Friday, February 28, 2020

House passes bill exempting private, religious schools from minimum wage increases

The Missouri House has voted to exempt private and religious schools from the state’s minimum wage law approved by voters in 2018. The bill would extend the exemption that already applies to public institutions, including public schools.

The bill passed on a 94-53 vote with five of the six Joplin area legislators voting in favor of it- Ben Baker, R-Neosho, Bob Bromley, R-Carl Junction, Dirk Deaton, R-Noel, Ann Kelley, R-Lamar, and Cody Smith, R-Carthage.

Lane Roberts, R-Joplin voted against it.


Voters passed a plan that will increase the minimum wage for hourly workers by 85-cents an hour each year until 2023, when it would reach $12 an hour. It is currently set at $9.45 an hour.







“Already private schools and religious schools have received price increases from vendors because of the new law and many could be threatened to even stay in existence. They have put building processes and plans on hold because of the minimum wage,” said bill sponsor Tim Remole (R-Excello, pictured at microphone)

“I have private schools in my district that have a lot of increases in some of their tuitions. They just received letters, many of the parents, that they will receive a 10-percent increase over the next five years because of the minimum wage law."
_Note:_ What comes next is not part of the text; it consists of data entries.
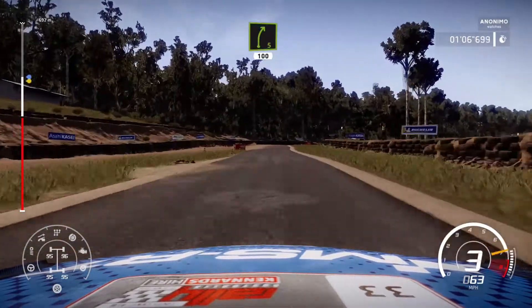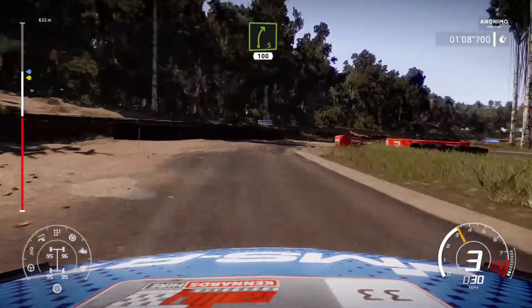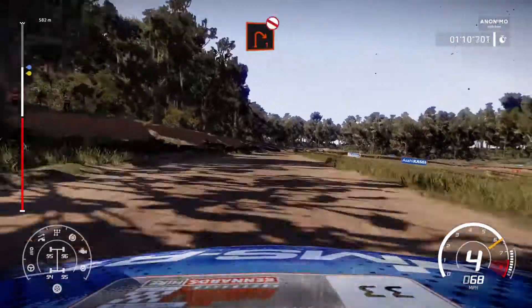Right 5, short, cut. Over gravel. 100. And right 1, don't cut.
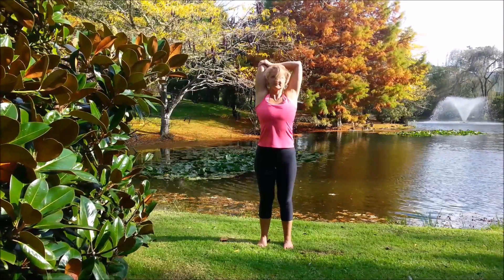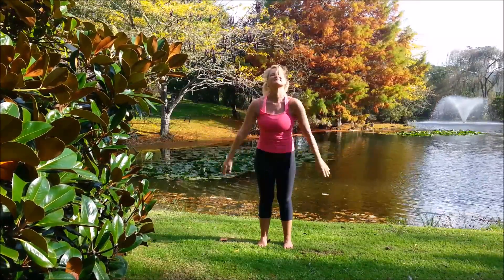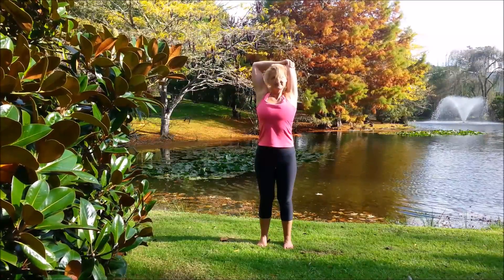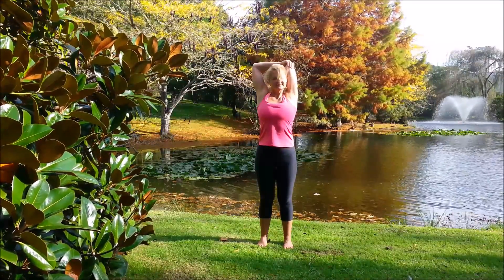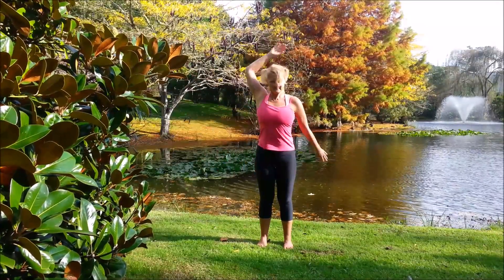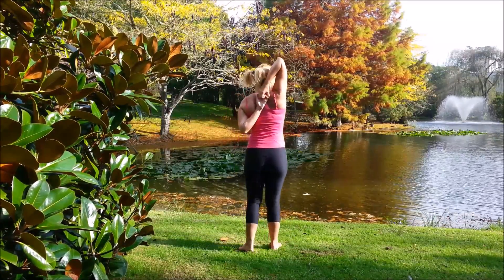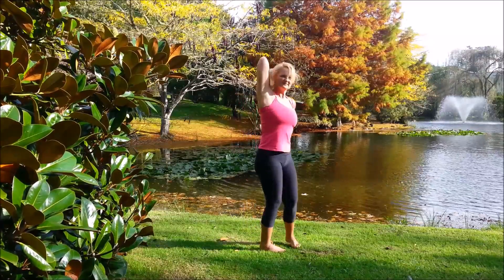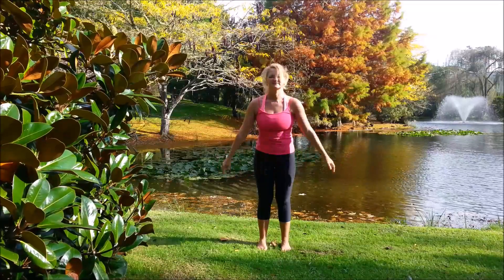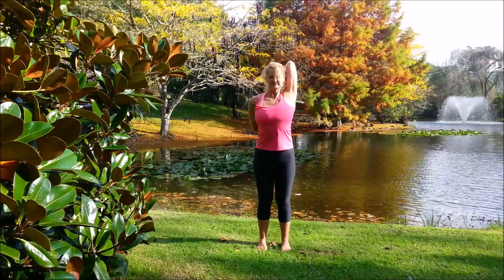Keeping both arms up, bend that left elbow, take the right hand to the elbow. And swing the arms. Swap to the other side: right arm up, left hand to the elbow. And swing the arms. Take the left arm up and try to bring the right hand behind — bring the fingertips to meet if you can. Swing the right hand there. And the other side: right arm up, left one behind.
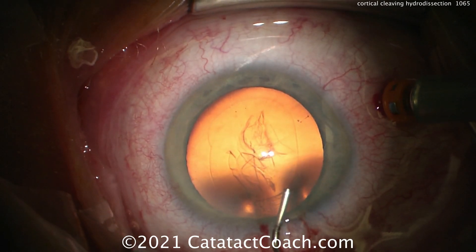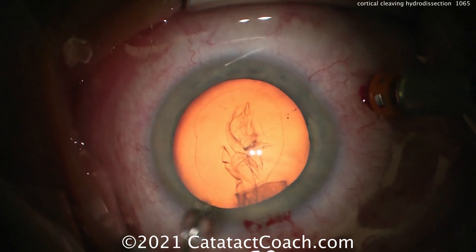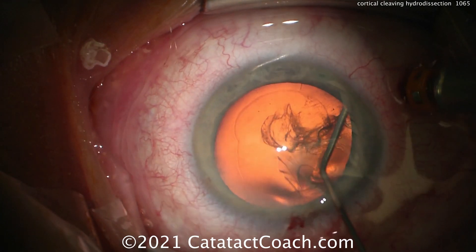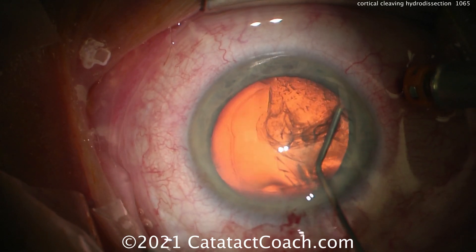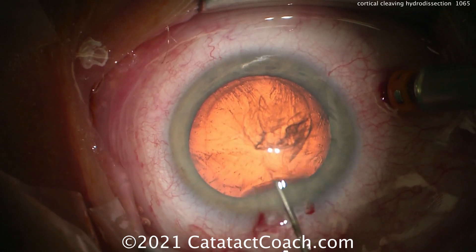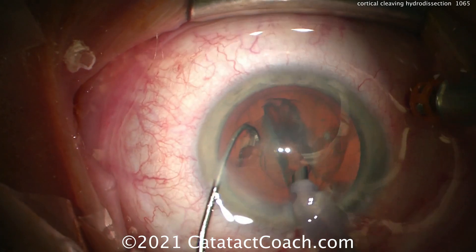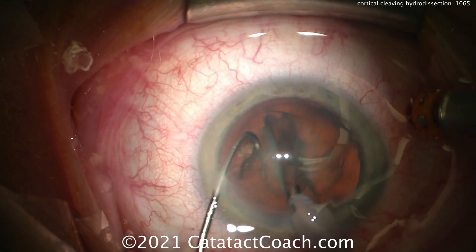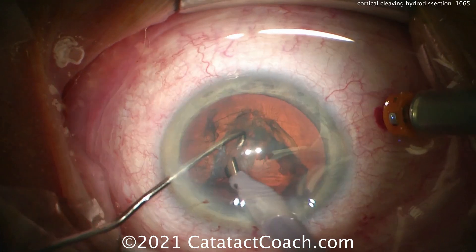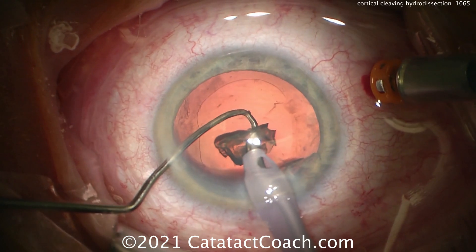Let's watch Rishi's video one more time in slow motion to see how this hydrodissection is done. This cortical cleaving hydrodissection requires tenting up that capsule — there it is. We want to get a fluid wave across — there's the fluid wave, it finally gets across — and as it goes across, it really separates the cortex from the capsule. At the very end, as that last nuclear piece comes out, there's really nothing left in the capsular bag.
Whitewater Republican Barry Hovis said he remembers voting on the minimum wage proposal in 2018 and he thought that it exempted all schools, not just public institutions.“From my perspective that was an oversight. I probably would’ve voted no if I’d have known it was going to take and penalize the private schools and the other schools that are affected by this and all this bill’s doing is making it a level playing field … for all our schools,” said Hovis.

Republicans say the workers the bill would affect, including teachers’ aides, janitors, cafeteria workers, and bus drivers, are often individuals who choose to work in those private schools to support them, and are often retired.

“They love these kids. They could, quite frankly, take their skills and go somewhere else and make a tremendous amount of money beyond what they’re making in the context of the private school. They know that,” said Representative Doug Richey (R-Excelsior Springs).

Democrats said the legislation goes against the wishes of voters and attacks some of the state’s lowest-paid workers.

“Prop B passed in 145 of the 163 House seats, so it passed in many majority party House seats. It outperformed the Republican candidate in 19 House seats. It passed in 78 of the 114 counties, and it passed in the sponsor’s district by 51.5-percent,” said Representative Judy Morgan (D-Kansas City).

St. Louis representative LaDonna Applebaum (D) said she thinks voters understood that Prop B exempted public schools and not private.

“I just don’t understand how legislators in this room can say that their constituents aren’t smart enough to understand what they voted for, and yet they voted for us, they voted for you,” said Applebaum.

The House voted 94-53 to send House Bill 1559 to the Senate.